After the planned midpoint interim analysis, the data and safety monitoring board recommended discontinuation of the three-drug regimen because of an excess in the number of deaths, hospitalizations, and serious adverse events among patients in the combination-therapy group, as compared with the placebo group. The NHLBI accepted this recommendation and on October 14, 2011, instructed the investigators to discontinue the three-drug regimen effective immediately. Data from the ongoing study of patients in the NAC-only and placebo groups are not reported here.

DISCUSSION

Combined immunosuppression and NAC has been a widely used, conventional approach to the treatment of idiopathic pulmonary fibrosis,3despite conflicting recommendations by international guidelines.1,6 In our study, we found that the combined three-drug regimen of prednisone, azathioprine, and NAC, compared with placebo, was associated with increased all-cause mortality, all-cause hospitalizations, and treatment-related severe adverse events. Deaths and hospitalizations happened early in the combination-therapy group. Although follow-up of the patients was limited, the three-drug regimen provided little or no benefit for primary and secondary outcomes.

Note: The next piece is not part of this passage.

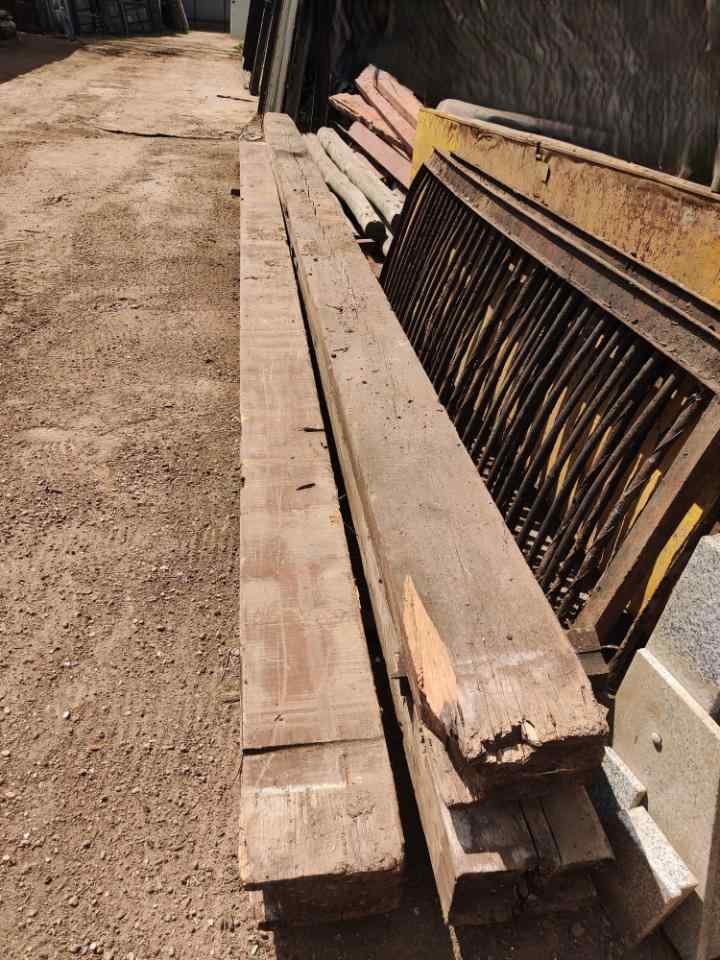 Vigas de Madera Rústica para Construcción o Decoración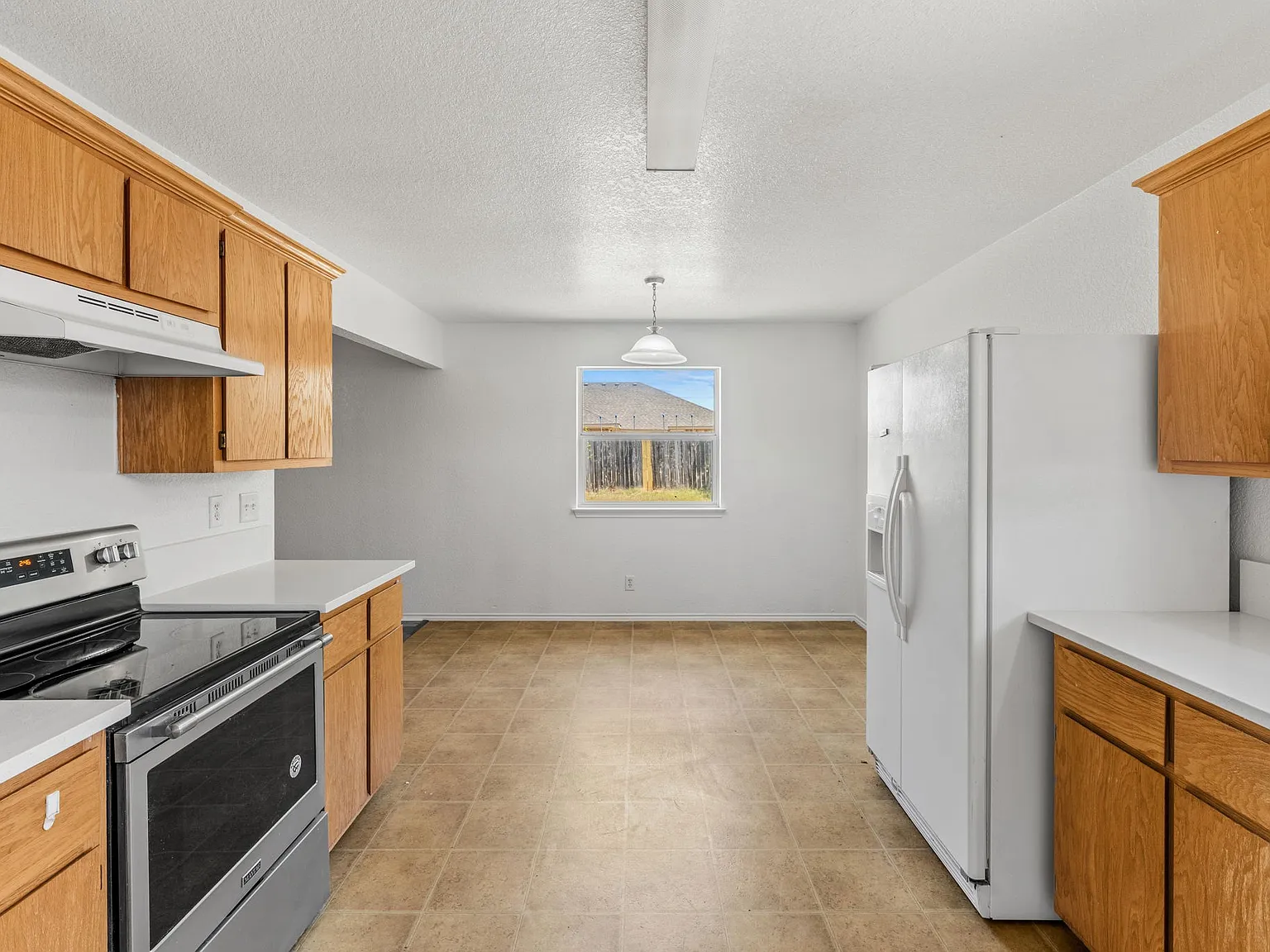 4 bed, 1647 sqft, $1,700 — Photo 4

In the Idiopathic Pulmonary Fibrosis International Group Exploring N-Acetylcysteine I Annual (IFIGENIA) study,4 the only randomized clinical trial using the three-drug regimen, the patients had a physiological disease severity (mean FVC, 65.6% of the predicted value; mean carbon monoxide diffusing capacity, 43.9% of the predicted value) similar to that in the patients in our study. The rate of death in the combination-therapy group in the IFIGENIA study (9%) was similar to that in our study (10%). However, the Kaplan–Meier estimate of 60-week mortality in our combination-therapy group was higher (19.8%; 95% CI, 9.9 to 37.2). The rates of death among patients with idiopathic pulmonary fibrosis who were receiving placebo in several studies (3.6 to 9%)14-16 are similar to that observed in our study (2.0%; 95% CI, 0.3 to 13.6). Given the differences in the study groups and the longer duration of the other clinical trials, comparison of mortality among these studies should be made with caution. Nonetheless, our findings show that the excess mortality was attributable to the three-drug therapy.

The merits of our study include a rigorous ascertainment of the diagnosis of idiopathic pulmonary fibrosis by multidisciplinary assessment. In addition, our algorithm-driven approach to dose selection, including measurement of TPMT levels, allowed consistency in the treatment protocol. Furthermore, the dose of azathioprine that was used in our trial was relatively lower than that used in previous clinical trials.

Our study has potential limitations. The early termination of the combination-therapy group limited our ability to address the effect on the primary outcome (FVC), on many of the secondary outcomes, and on various subgroups, as originally planned. Second, the precise reasons for the increased rates of death and hospitalization are unknown. And third, it is difficult to assess which components of the three-drug regimen may be responsible for the observed negative outcomes. The ongoing comparison of NAC alone and matching placebo will address the therapeutic role of NAC alone for patients with idiopathic pulmonary fibrosis. We anticipate screening of the last patient in the ongoing study groups by the second quarter of 2012.

It must be emphasized that our results are applicable only to patients with well-defined idiopathic pulmonary fibrosis who meet the inclusion and exclusion criteria of this trial. Our data that show increased rates of death and hospitalization provide compelling evidence against the use of the combination of azathioprine, prednisone, and NAC for patients with idiopathic pulmonary fibrosis who have mild-to-moderate impairment in pulmonary function.